The gross superstition and idolatry that have accompanied the use of relics reveal the deception and inconsistency with which Romanism has been plagued for centuries.
Professor Arthur Noble

The gross superstition and idolatry that have accompanied the use of relics reveal the deception and inconsistency with which Romanism has been plagued for centuries.

Among the Roman Catholic Church's most highly venerated relics have been pieces of the "true Cross". So many of these were scattered throughout Europe and other parts of the world that Calvin once said that if all pieces were gathered together, they would form a good ship-load; yet the Cross of Christ was carried by one individual! Are we to believe that these pieces miraculously multiplied as when Jesus blessed the loaves and fishes? Such was apparently the belief of St. Paulinus who spoke of "the reintegration of the Cross", i.e. that it "never grew smaller in size, no matter how many pieces were detached from it"! [The Catholic Encyclopaedia, Vol. 4, p. 524]

The great Swiss reformer John Calvin (1509-1564) mentioned the inconsistency of various relics of his day. Several churches claimed to have the Crown of Thorns; others claimed to have the water-pots used by Jesus in the miracle at Cana. Some of the wine was to be found at Orleans. Concerning a piece of broiled fish which Peter offered to Jesus, Calvin said: "It must have been wondrously well salted, if it has kept for such a long series of ages."

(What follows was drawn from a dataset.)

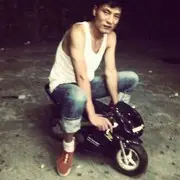 东波n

What was allegedly the crib of Jesus was exhibited for veneration every Christmas Eve at St. Mary Major's in Rome. Several churches claimed to have the baby clothes of Jesus. The Church of St. James in Rome displayed what was claimed to be the altar on which Jesus was placed when He was presented in the temple. Even the foreskin (from His circumcision) was shown by the monks of Charroux, who, as a proof of its genuineness, declared that it yielded drops of blood. [Calvin's Tracts, Vol. 1, pp. 296-304] Several churches claimed to possess the "holy prepuce", including a church at Coulombs, France, the Church of St. John in Rome, and the Church of Puy in Velay! [John P. Wilder: The Other Side of Rome, Grand Rapids, 1959, p. 54]

Other relics include Joseph's carpenter tools, bones of the donkey on which Jesus rode into Jerusalem, the cup used at the Last Supper, the empty purse of Judas, Pilate's basin, the coat of purple thrown over Jesus by the mocking soldiers, the sponge lifted up to Him on the Cross, nails from the Cross, specimens of the hair of the Virgin Mary (some brown, some blond, some red, and some black), her skirts, wedding ring, slippers, veil, and even a bottle of the milk on which Jesus had been suckled. [Wilder, p. 53]

According to Romanist belief, Mary's body was miraculously taken up to Heaven; but several different churches in Europe did claim to have the body of Mary's mother, even though we know nothing about her and she was not even credited with the name "St. Ann" until a few centuries ago!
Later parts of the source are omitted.